A helpful operating rule is to challenge every powerful permission with three questions: who needs this, for what exact task, and for how long? If the answer is vague, the permission is probably too broad.
When to revisit
Least privilege IAM review should be part of routine cloud operations, not an annual scramble. Revisit this checklist whenever underlying inputs change, especially before seasonal planning cycles and whenever tools or workflows shift.
Good triggers for a fresh review include:
- Quarterly or semiannual access certification cycles.
- Hiring waves, reorganizations, or contractor changes.
- Cloud migrations, acquisitions, or new environment builds.
- Deployment of new CI/CD tooling, identity providers, or secrets management workflows.
- Introduction of new SaaS integrations, analytics pipelines, or data-sharing processes.
- Audit preparation for security or privacy compliance work.

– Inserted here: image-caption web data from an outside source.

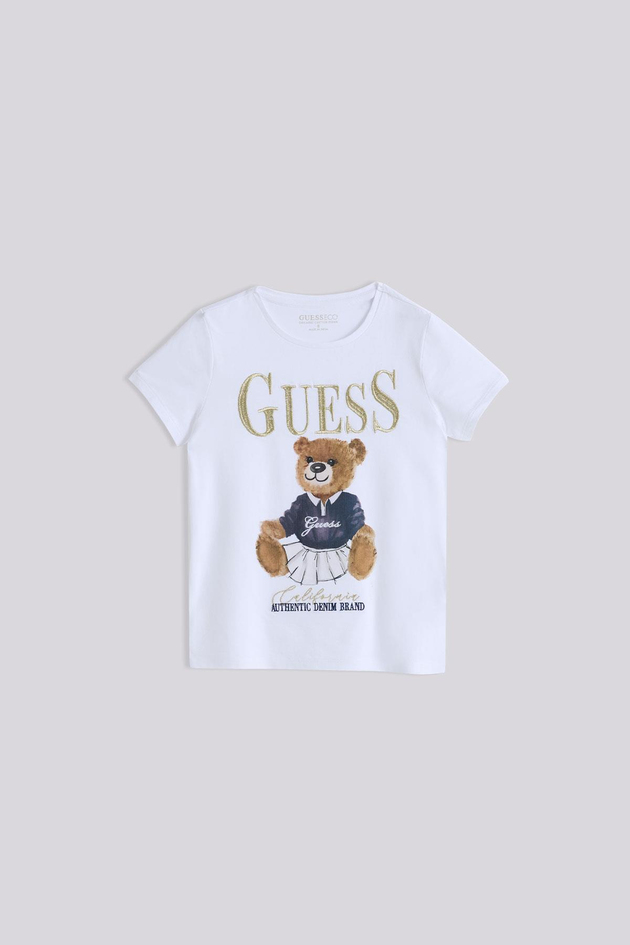 Guess Kız Çocuk TshirtGuess Kız Çocuk Tshirt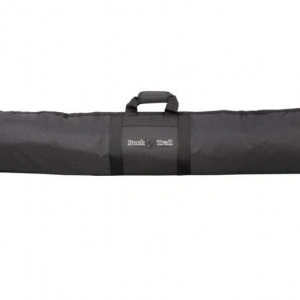 Geanta Buck Trail Traditional Soft Case One Piece Neagra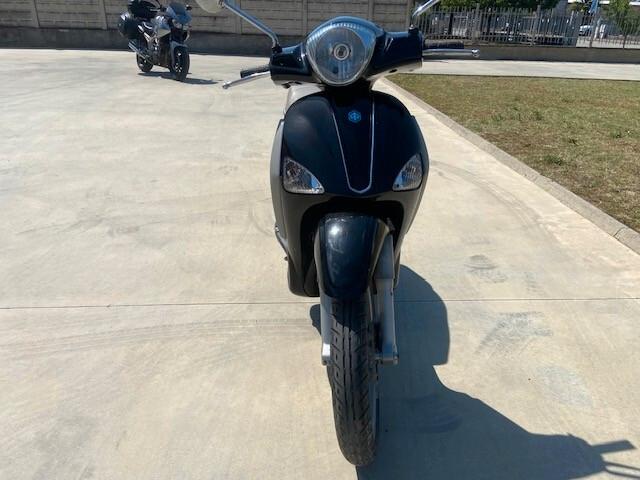 Piaggio Liberty 125 2009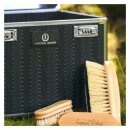 Imperial Riding - Shiny grooming box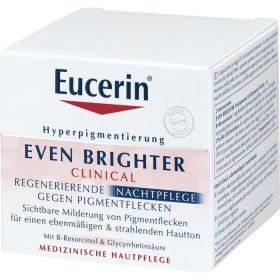 Eucerin EVEN BRIGHTER Nachtpflege günstig im Preisvergleich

- Any security incident, near miss, or suspicious access event.
A practical recurring workflow:
- Export current identities, role assignments, policies, and key service account details from each cloud.
- Tag high-risk permissions and privileged identities first.
- Meet service owners to validate actual need, not assumed need.
- Remove stale access and convert direct grants into role- or group-based assignments.
- Add approvals, expiry dates, and review owners for exceptions.
- Document findings and carry unresolved items into the next review cycle with due dates.
If you want this process to stay manageable, keep one shared checklist, one exception register, and one cadence. The details of AWS, Azure, and GCP differ, but the operating discipline is the same: know your identities, reduce privilege, review changes, and treat cloud access as a living control surface. That is what makes a least privilege IAM checklist useful not just once, but every time your environment changes.